◆ Extracted entries
+--

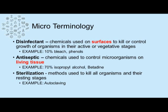Because of the innate risk of working in a microbiology department, it becomes important to keep your working environment free of pathogenic organisms for you and your co-workers' personal safety. To do this, we use cleaning agents such as disinfectants, which are chemicals applied to surfaces to kill or control the growth of organisms in their active or vegetative stages. An example is 10% bleach or phenols, which are typically made up daily as part of routine maintenance.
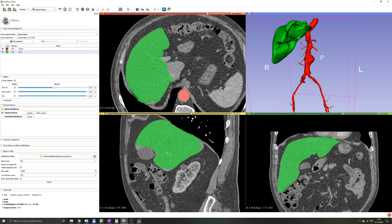Sometimes you get asked by a surgeon: what's the volume of the liver? Or how big is the tumor? And you don't want to just give the dimensions of the liver or the dimensions of the lesion. You also might be interested in giving the surgeon information about the volume of the liver, or what percentage of the liver is the lesion.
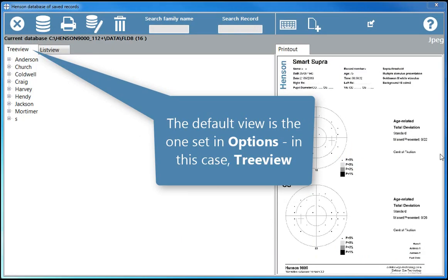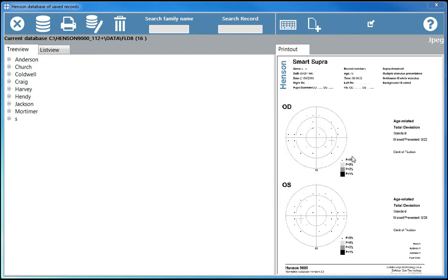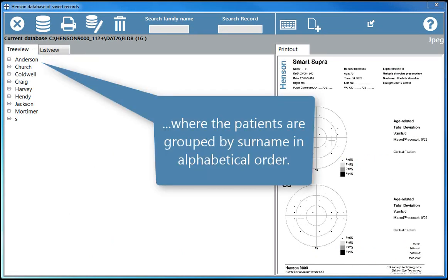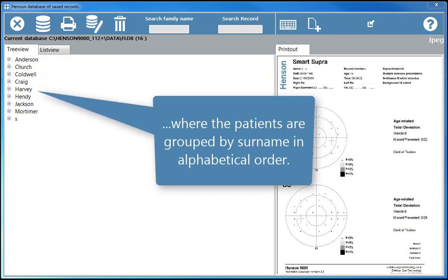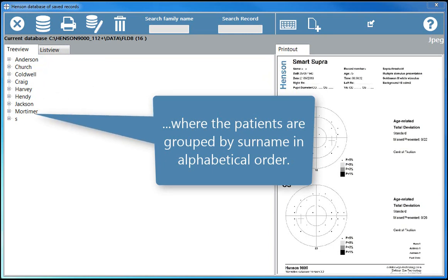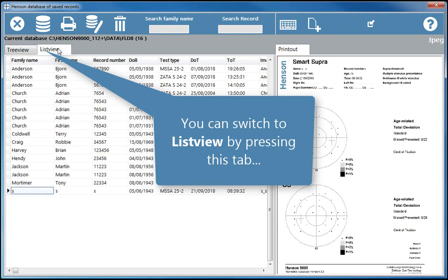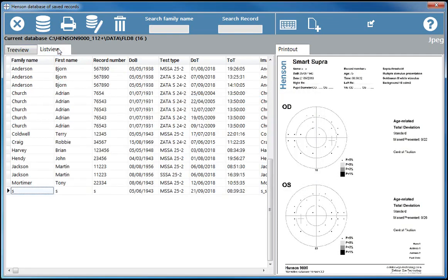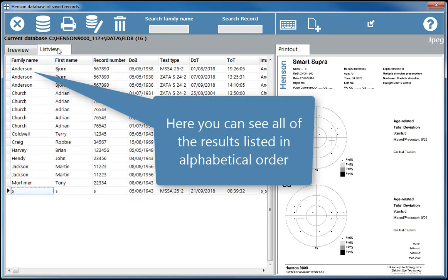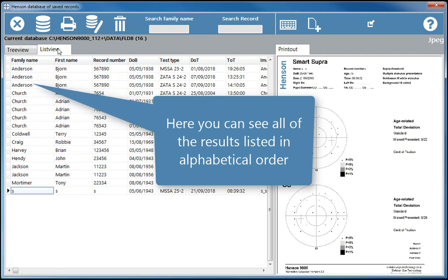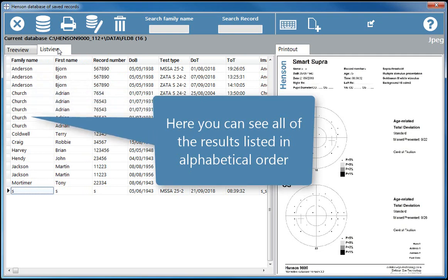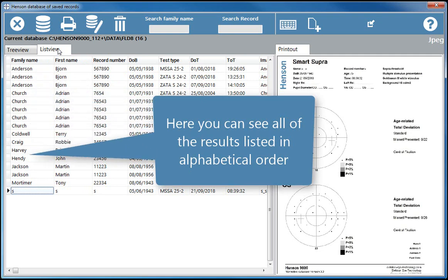The default view is the one set in options, in this case tree view, where the patients are grouped by surname in alphabetical order. You can switch to list view by pressing this tab. Here you can see all of the results listed in alphabetical order.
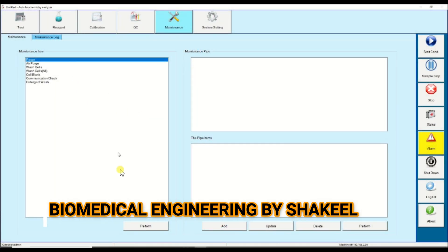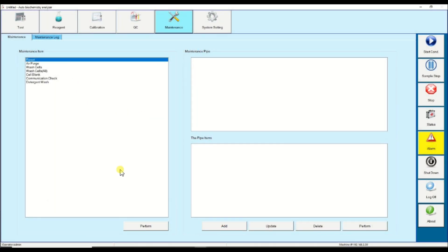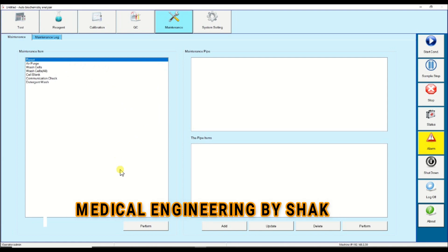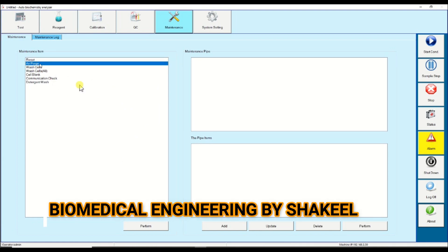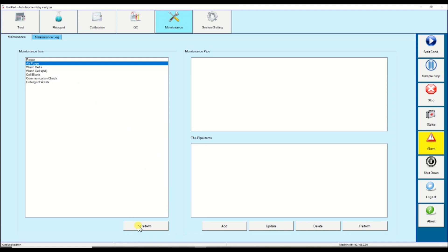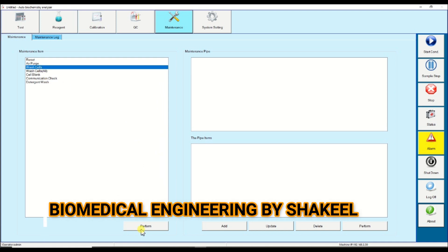Once we start the software, the first step is to do the reset and click on perform. The second step is air purge — air purge means to circulate the water, or in simple terms it is the priming of the machine. The next step is wash cells, so let me click on wash cell.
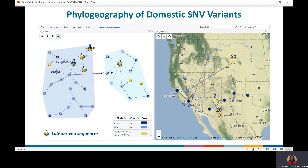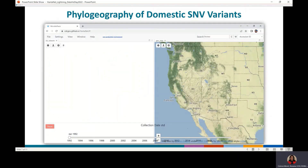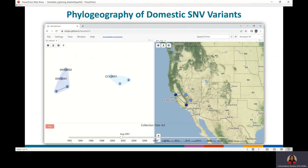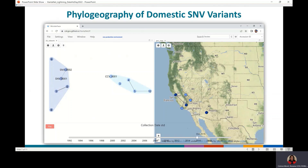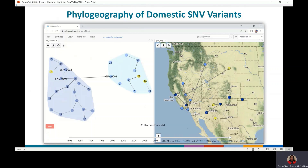The network was overlaid on the map to perform a spatiotemporal analysis of domestic Sin Nombre virus variants. We observed the geographic location and spread of Sin Nombre virus variants in the United States and potential human exposure locations based on sequence similarity of the viral large gene. Nodes with a number label and available state and county level data would appear in the map.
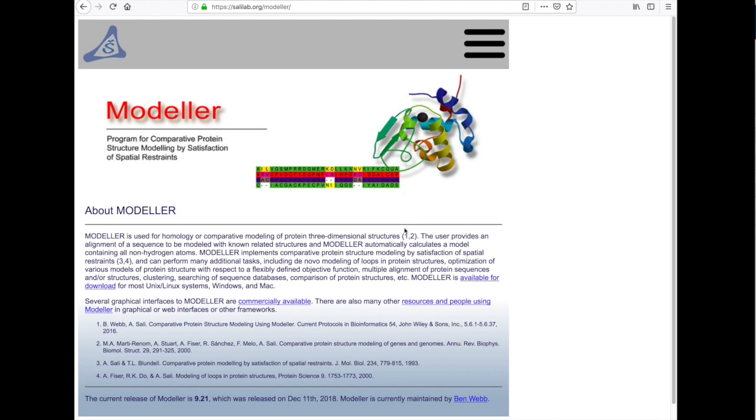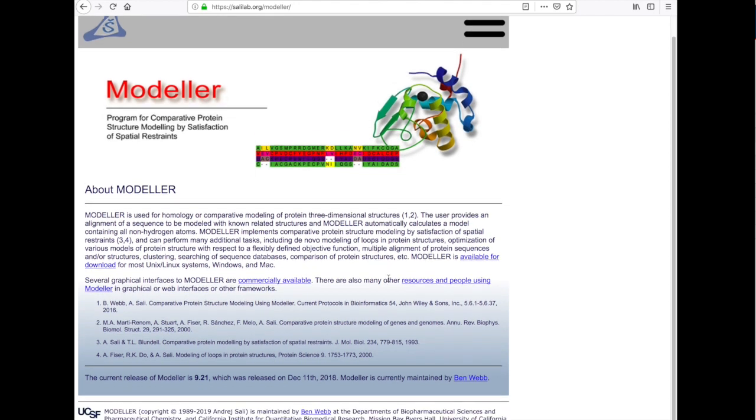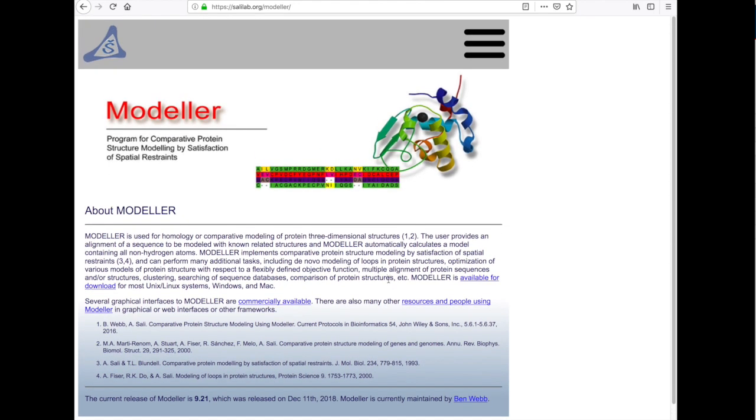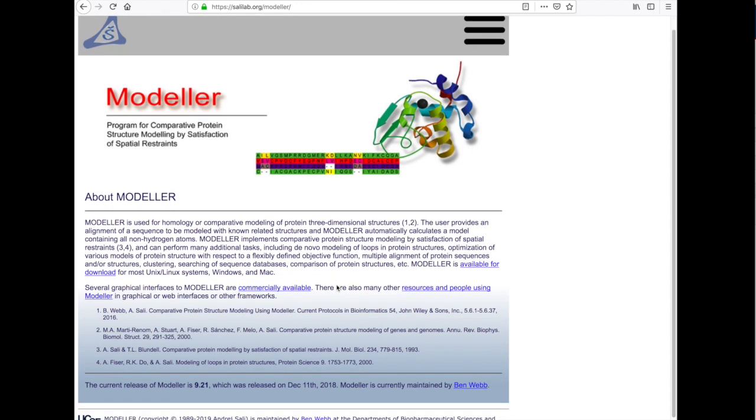Modeller is non-graphical software that can use your sequence and it will align the sequence of the template with your sequence and then build the three-dimensional model of your protein.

+--

Once the pictures are set aside, output all of the data above verbatim.

◆ Reply
Because of the innate risk of working in a microbiology department, it becomes important to keep your working environment free of pathogenic organisms for you and your co-workers' personal safety. To do this, we use cleaning agents such as disinfectants, which are chemicals applied to surfaces to kill or control the growth of organisms in their active or vegetative stages. An example is 10% bleach or phenols, which are typically made up daily as part of routine maintenance.
Sometimes you get asked by a surgeon: what's the volume of the liver? Or how big is the tumor? And you don't want to just give the dimensions of the liver or the dimensions of the lesion. You also might be interested in giving the surgeon information about the volume of the liver, or what percentage of the liver is the lesion.
The default view is the one set in options, in this case tree view, where the patients are grouped by surname in alphabetical order. You can switch to list view by pressing this tab. Here you can see all of the results listed in alphabetical order.
Once we start the software, the first step is to do the reset and click on perform. The second step is air purge — air purge means to circulate the water, or in simple terms it is the priming of the machine. The next step is wash cells, so let me click on wash cell.
The network was overlaid on the map to perform a spatiotemporal analysis of domestic Sin Nombre virus variants. We observed the geographic location and spread of Sin Nombre virus variants in the United States and potential human exposure locations based on sequence similarity of the viral large gene. Nodes with a number label and available state and county level data would appear in the map.
Modeller is non-graphical software that can use your sequence and it will align the sequence of the template with your sequence and then build the three-dimensional model of your protein.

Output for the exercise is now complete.